A ser isto verdade (desconheço o teor do projeto), trata-se de uma proposta profundamente disruptiva, que aproveita a suposta "revisão" do RJIES (Regime Jurídico das Instituições de Ensino Superior), que o PSD nunca tinha posto em causa, para virar de alto a baixo uma das suas opções fundamentais - que, aliás, vinha de muito antes -, que é a separação de natureza, de vocação e de estatuto entre o ensino universitário e o ensino politécnico, tanto no setor do ensino superior público como no privado.
2. Considero esta proposta um erro político grave, pelos seus previsíveis efeitos nefastos em dois aspetos: por um lado, a tendencial descaracterização do ensino universitário, passando a haver universidades "mistas", ao lado das "clássicas", que se mantenham separadas do ensino politécnico; por outro lado, a perda de expressão do ensino politécnico, pois a suposta fusão vai traduzir-se efetivamente na absorção dos politécnicos pelas universidades, que muitos daqueles, aliás, vão aceitar de bom grado, na mira de alcançar a equiparação de carreira docente, de remuneração, etc.
Neste segundo aspeto, esta reforma só é equiparável ao fim da autonomia do ensino profissional no ensino secundário, a seguir ao 25 de Abril, em nome de uma equívoca e mal compreendida igualdade social no ensino, que na verdade redundou numa grave e duradoura redução da oferta de ensino profissional.
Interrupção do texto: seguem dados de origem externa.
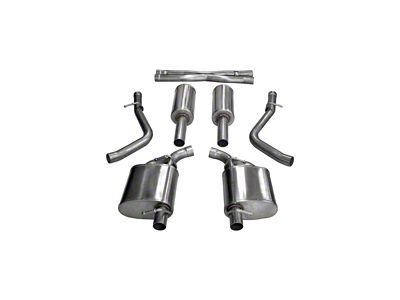 Corsa Performance 2015-2016 Dodge Charger / Chrysler 300 5.7L V8 V8 - 14973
O mesmo com certeza vai suceder agora no ensino superior, quando é conhecido o défice do País em quadros profissionais qualificados.
3. É certo que tal separação tem sido vítima de várias derrogações que lhe diminuíram a clareza, não tanto pela conservação da integração institucional de ambos tipos de ensino nos casos de Aveiro e do Algarve - onde, porém, a separação substantiva entre eles foi conservada -, mas sim por dois outros aspetos: (i) os vários casos de duplicação de cursos idênticos em ambos os subsistemas (como as engenharias) e de admissão de cursos de natureza claramente politécnica em algumas universidades (como a recente integração da escola de enfermagem na Universidade de Coimbra ou do ISPA na Universidade Nova de Lisboa) e (ii) a aproximação entre os dois regimes, traduzida na admissão de doutoramentos no ensino politécnico e na admissão da sua qualificação como "universidades (politécnicas)".
Mas, a meu ver, a solução do problema não está em acabar com a distinção dos dois ensinos, permitindo a absorção do ensino politécnico pelas universidades, mas sim em preservar a autonomia subsistente, impedindo novas derrogações e, se possível, corrigindo as situações anómalas criadas. A violação pontual da fronteira entre os dois espaços do ensino superior não devia justificar a sua fusão num único espaço indiferenciado, sob a égide das universidades.